I think there’s nothing particularly unreliable about information from the internet in this regard.
I’ve actually started watching some weight loss, portion control videos on youtube and some are pretty inspiring.
Been doing the fast diet (for the general health benefits) once a week for three months. I stuck to doing it once a week as I wasn’t looking to lose weight, but have still lost five kilos. A good option if you find intermittent fasting do-able.
why would you exclude gluten unless you are legitimately allergic to it?
see a fucking doctor or a dietary specialist and get tested before you exclude entire food groups.
Because refined carbohydrates are the main contributor to weight gain. Wheat, grains, processed sugars.. Most of the developed world still think our diet should consist mainly of breads and cereals when these carbohydrates, combined with the minimal exercise most people do, turns straight into fat.
Gluten and carbohydrates are not the same thing and the low carboyhydrate arguments are different to the cut out gluten arguments (which are more based on an idea that a digestive intolerance to gluten is a common thing).
Gluten is a protein composite found in foods derived from wheat. These foods happen to be high carbohydrate foods for the most part.
Refined carbohydrates are problematic in a sedentary persons diet because they are more quickly broken down leading to a quick rush of glucose which causes an insulin spike. This temporarily retards the burning of body fat as fuel and also doesn’t last long as energy (the high then crash feeling). A body that is constantly consuming these types of foods through various feedback mechanims develops insulin resistance which means your body produces more insulin to deal with this intake of glucose. That has negative consequences in terms of health and body fat levels.
An insulin spike is quite useful (it triggers various growth factors that assist with muscle protein synthesis and muscle refueling) post exercise but when the body is constantly producing insulin it’s not great.
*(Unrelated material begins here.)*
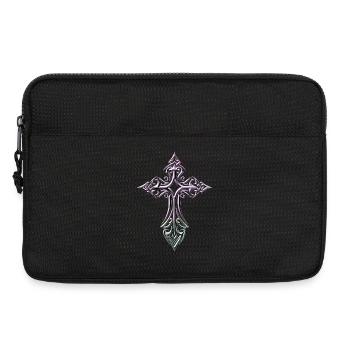 Ornate Gradient Cross - Laptop bag 13" - black - Front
That’s why as an athlete I consume basically straight glucose after working out but also why this is not a great idea all the time nor a great idea for sedentary individuals.
This is also a great example why dietitians advice is often geared towards responding to various dietary ailments (like type 2 diabetes and heart disease) rather than the ‘optimal diet’. From a health perspective mass messaging reflects our societal dietary health issues which also contributes to confusion as to what an optimal diet should be.
Ive lost around 12-18kg since i gave up soft drink and doing Aqua-Aerobics 4 times a week back in april also started riding my bike for trips down to the shops and to the pool instead of driving (about 5km all most days). Started at 130kg and am trying to get back down to 80kg which is my personal idea weight which is still well within my bmi range.
While i still only eat 2 meals a day, my sleep pattern has gone back to normal of going getting 8 hours of sleep each day
Eat food. Not too much. Mostly plants.
Wise words indeed….
Thanks Dr John Tickel 😉
I have lost 10 kg recently bringing me down to my supposedly ideal weight with one simple rule.
“Stop eating crap!”
no diet, no exercise, no other changes what so ever.
To everyone commenting on this post who has or is tackling it – good for you. Go for it & well done.